The evolution of options liquidity provision into a battle for pennies and PFOF has meant that most independent market makers have gone away. Pod shops and order flow monsters have replaced the pit warriors battling for their own accounts.
Market makers are unique in that they sit in a privileged position of structural alpha. Their status grants them specific rights and access to order flow that other participants do not have. This exists on a microstructure level for orderbook interaction, but also on a regulatory level with exemptions for short stock failures, or favorable capital requirements. However as the economics of this business tilts distinctly towards scale and away from sole proprietorship, it has opened up new potential opportunities for independent traders.
The tighter markets that result from increased competition amongst liquidity providers means that retail traders have never had better access to trading opportunities. It’s senseless to compete with market makers for “edge” vis a vis the bid/ask spread, but combining research acumen or tailored objectives with deep and liquid options markets opens up significant, and significantly cheaper investment opportunities.

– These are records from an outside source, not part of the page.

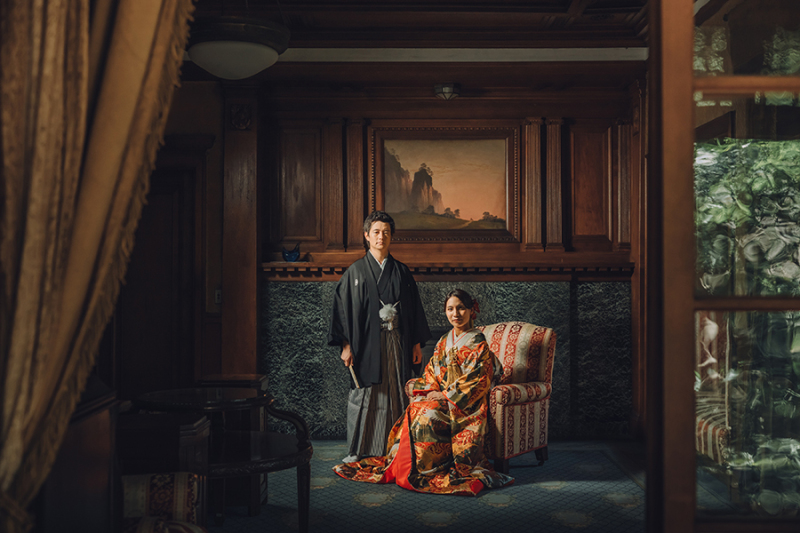 会場の椅子を利用して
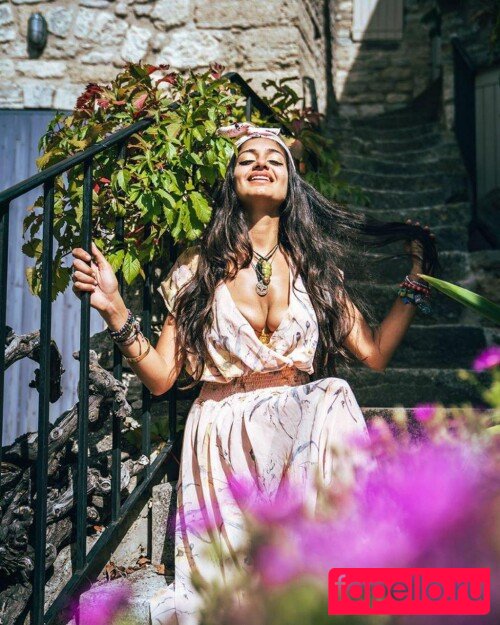 Kamya Buch Onlyfans Photo Gallery 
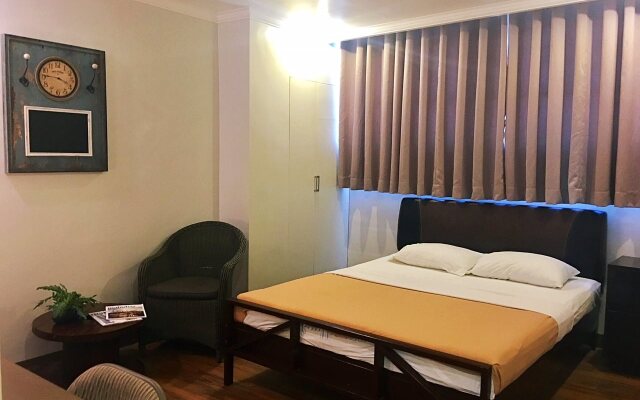 Hotel Tiffany Laoag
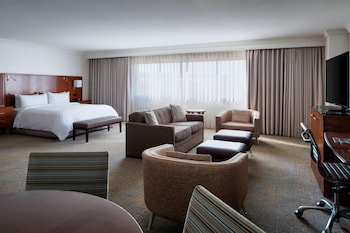 Junior Suite, 1 King Bed with Sofa bed
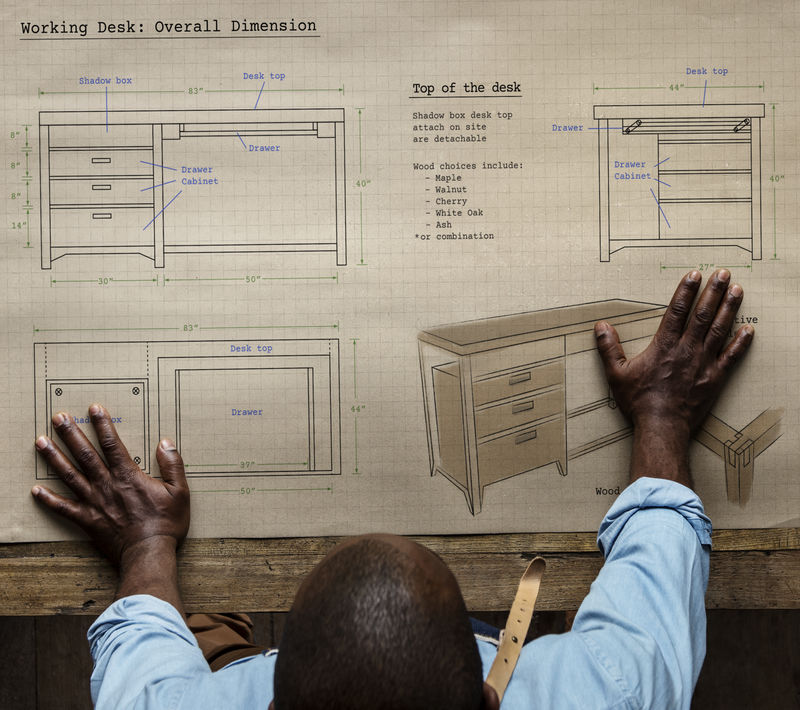 有家具设计图的木匠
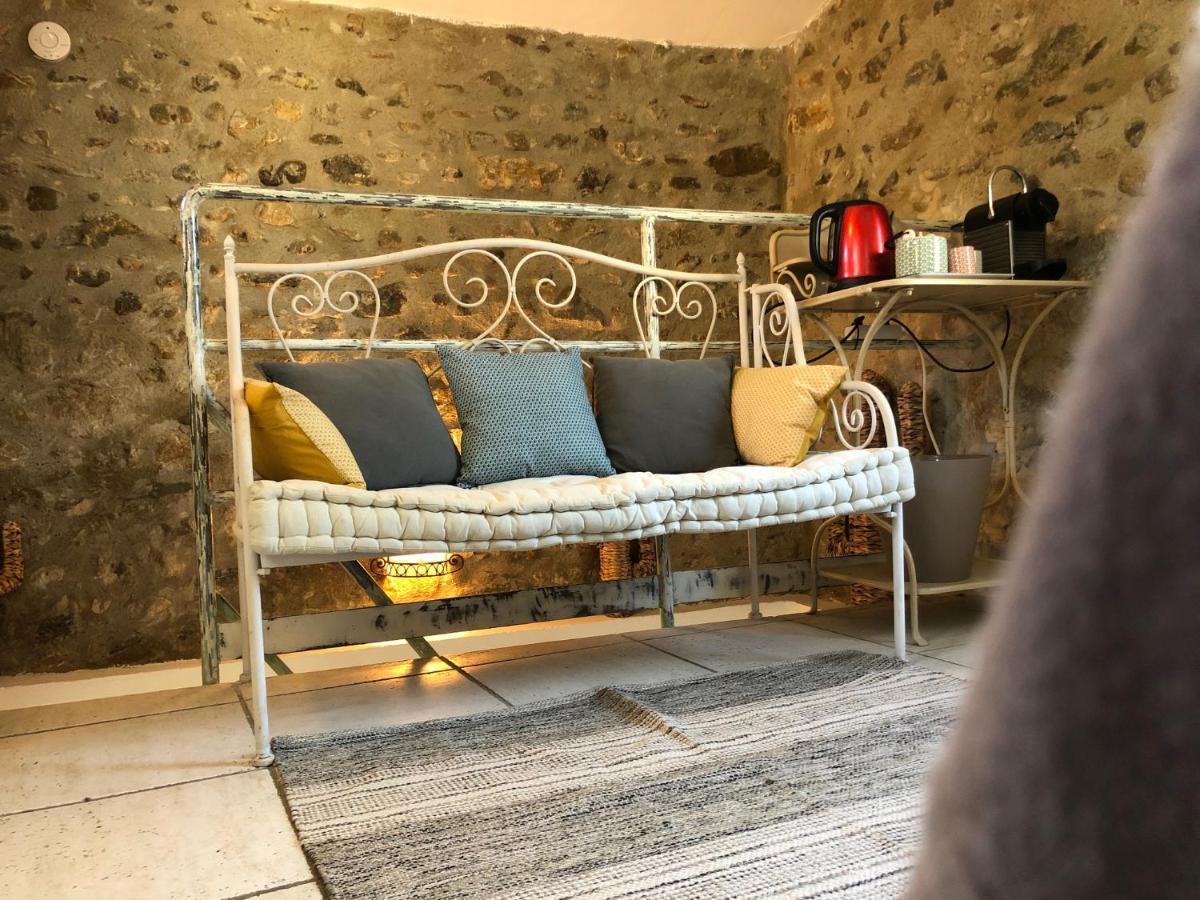 Chambre D'Hotes Lou Pataclet Charols Eksteriør bilde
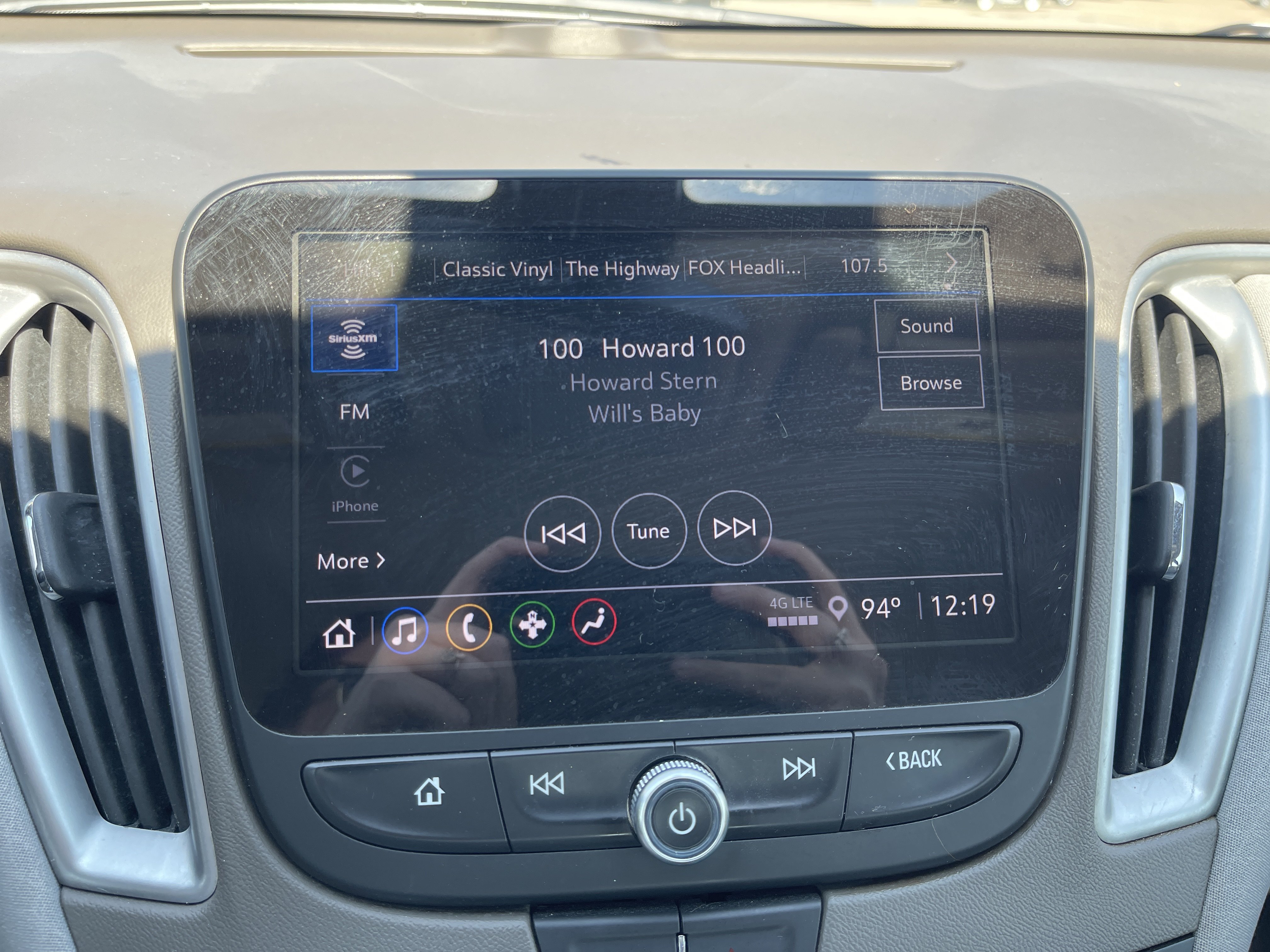 Used 2022 Chevrolet Malibu LT FWD image 29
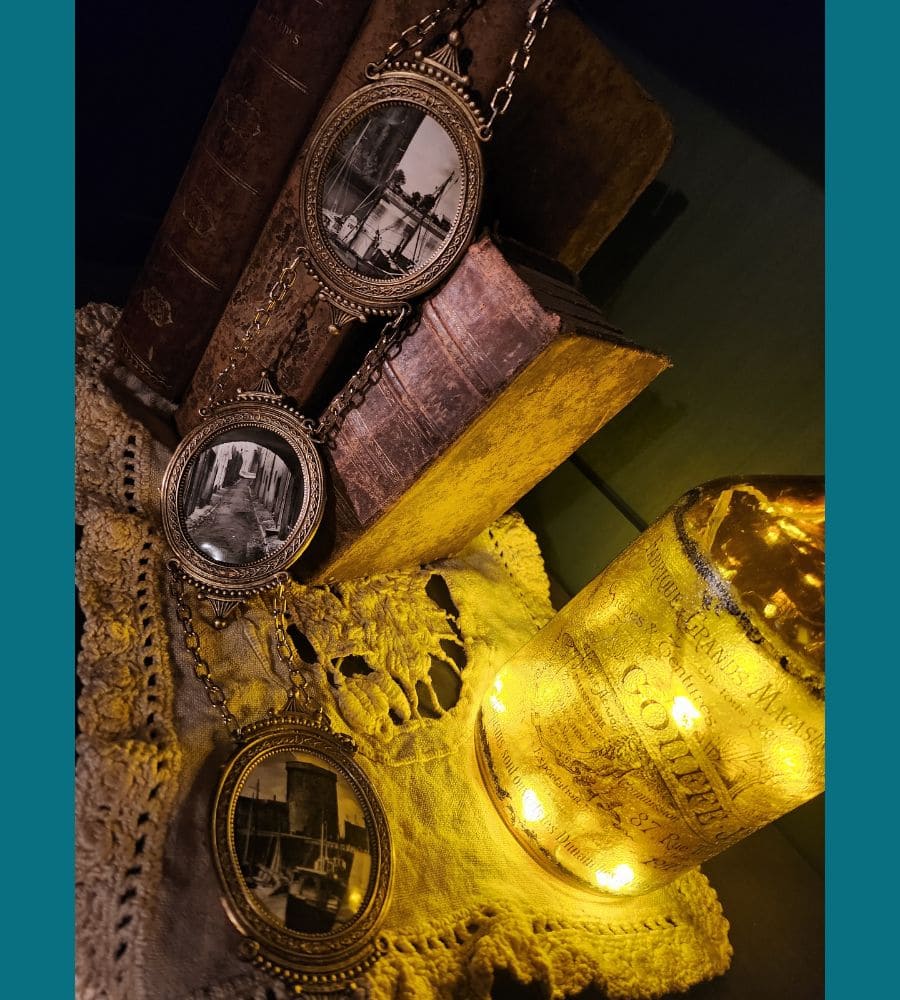 Un trio de médaillons anciens à suspendre – Image 3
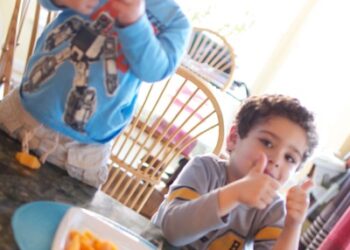 فوائد الكاكا للأطفال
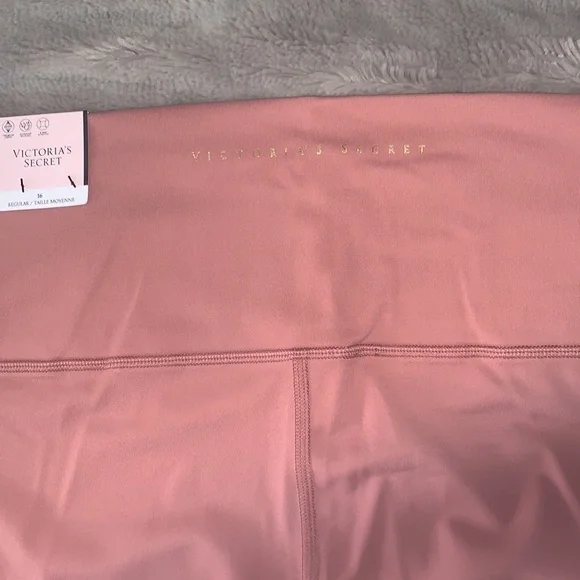 NWT VS Incredible Studio High Rise Legging 16 - Picture 3 of 6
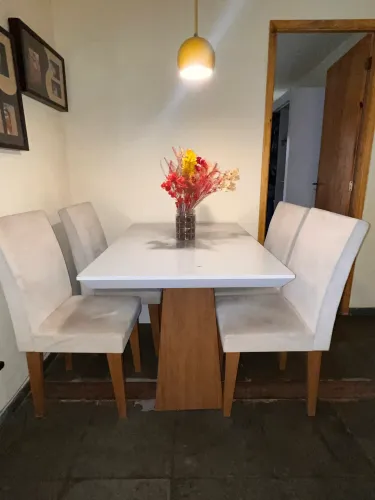 Mesa com 4 cadeiras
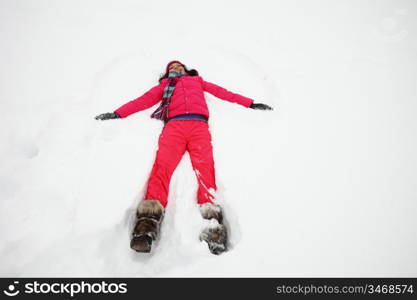 winter woman lay on snow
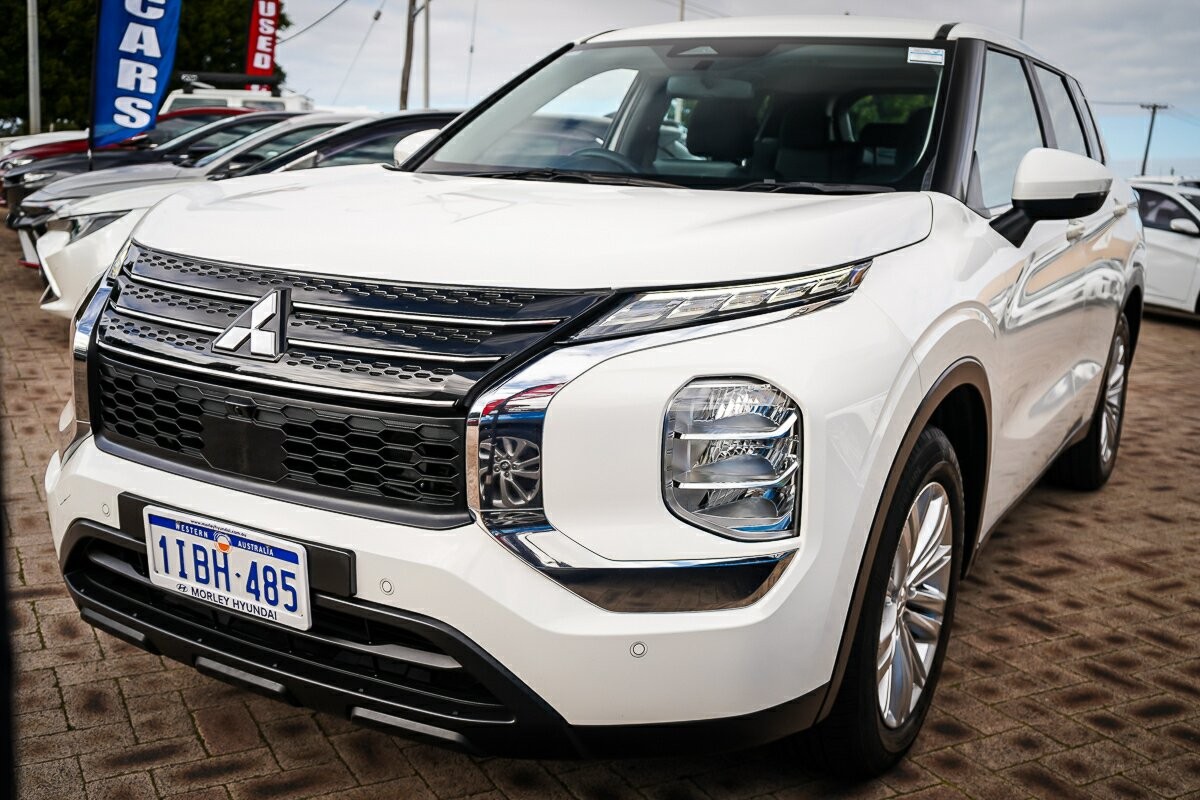 Mitsubishi Outlander image 4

Like the locals of yesteryear, retail traders can access certain pieces of edge that large scale market makers ignore. As traders, they can capture small price inefficiencies that aren’t worth it to big firms. When I first ran test trades in early listings of Bitcoin futures, even though we made about $70 on a coin, only 500 coins traded a month. $35k of “total addressable edge” doesn’t pay the lease on LaSalle street, but for only a few hours work anyone with an internet connection could have gotten 10% market share. These same types of opportunities still exist today in a fragmented crypto landscape with different pools offering different pricing for arbitrageurs willing to do the leg work.
Beyond trading opportunities, independent investors also benefit from this market evolution. Costs are the greatest friction for any strategy, and as execution quality continuously improves investors can apply the surgical precision of options strategies at lower and lower costs. Rebalance timing is a catch for any strategy that relies on time, i.e. options. If you can neutralize this by trading more frequently at little marginal cost- e.g. rebalance 8% of your position monthly, rather than 100% annually - it’s a major win.
Independence is a powerful thing. It is a double edged sword of privilege and responsibility. Sovereign nations have the power to make their own laws, but must enforce the security of their borders. Sole props don’t have to argue about short vega in NFLX, but don’t get the water cooler conversations about what new biotech is trading.
Flame kissed autonomy tastes delicious, but ironically, it’s best celebrated with others. There is a saying that concentration builds wealth, but diversification preserves it. I think you could replace concentration with independence.